U.N. High Commissioner for Refugees Filippo Grandi was warning of a new disaster if the rebel-controlled Syrian city of Idlib was the next target of the Syrian military.
"The country is becoming a trap, in some places a death trap for civilians," Grandi told Reuters during a donor conference for Syria.
"There is an entire population out there that cannot bear its refugees anymore, that is suffering from one of the worse ordeals in modern history."
The Syrian Observatory for Human Rights, a British-based war monitor, said last month about 511,000 people had been killed in the war since it began in March 2011.
Some 5.5 million Syrians are living as refugees in Iraq, Jordan, Lebanon and Turkey, and now account for a quarter of Lebanon's population. Another 6.1 million people are still in Syria but have been forced to flee their homes.
Grandi is hoping to raise $5.6 billion from international donors for emergency humanitarian aid for Syrian refugees this year, but that money is not for Syria itself, instead going to help host countries such as Jordan, Iraq, Egypt and Lebanon.
Meanwhile, the United Nations estimates that more than 400,000 civilians are trapped in besieged areas throughout Syria.
That the number could rise dramatically because 2 million people live in the northwestern Idlib region, the largest populated area of Syria in the hands of insurgents fighting Syrian President Bashar al-Assad's government in Damascus.
Some aid agencies are predicting suffering on an even greater scale than during the siege of Aleppo last year and in eastern Ghouta and Raqqa this year if the Syrian army and its Russian and Iranian backers turn their full fire on Idlib.
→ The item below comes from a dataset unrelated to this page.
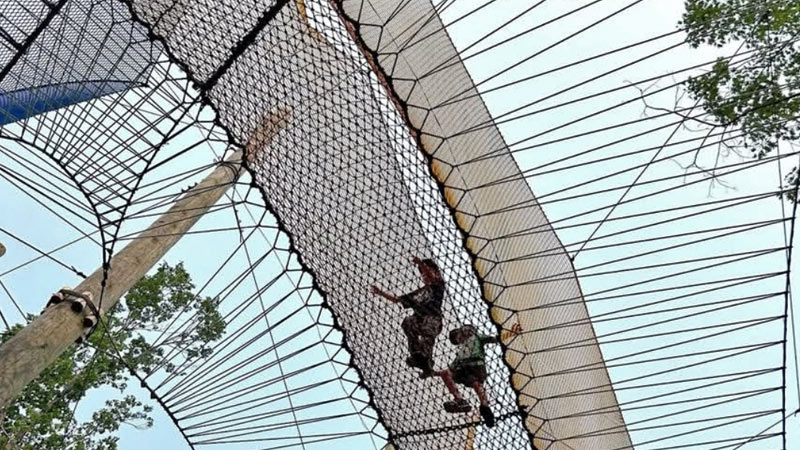 Découvrez l'activité Parcabout et ses filets suspendus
Tens of thousands of fighters and civilians have fled to the area from parts of the country which the army has recaptured with the help of Russia and Iran.
"Idlib is where an area where a lot of fighters have transferred," Grandi said. "If fighting moves more decisively to that area, it could be very dangerous for civilians."
However, Grandi and other aid agencies predict they will have nowhere to flee to because Turkey's southern border with Syria at Gaziantep is tightly controlled, mainly letting aid supplies through to Idlib, forcing refugees deeper into Syria.
"I think we are going to lose not only a generation but a population," Grandi said.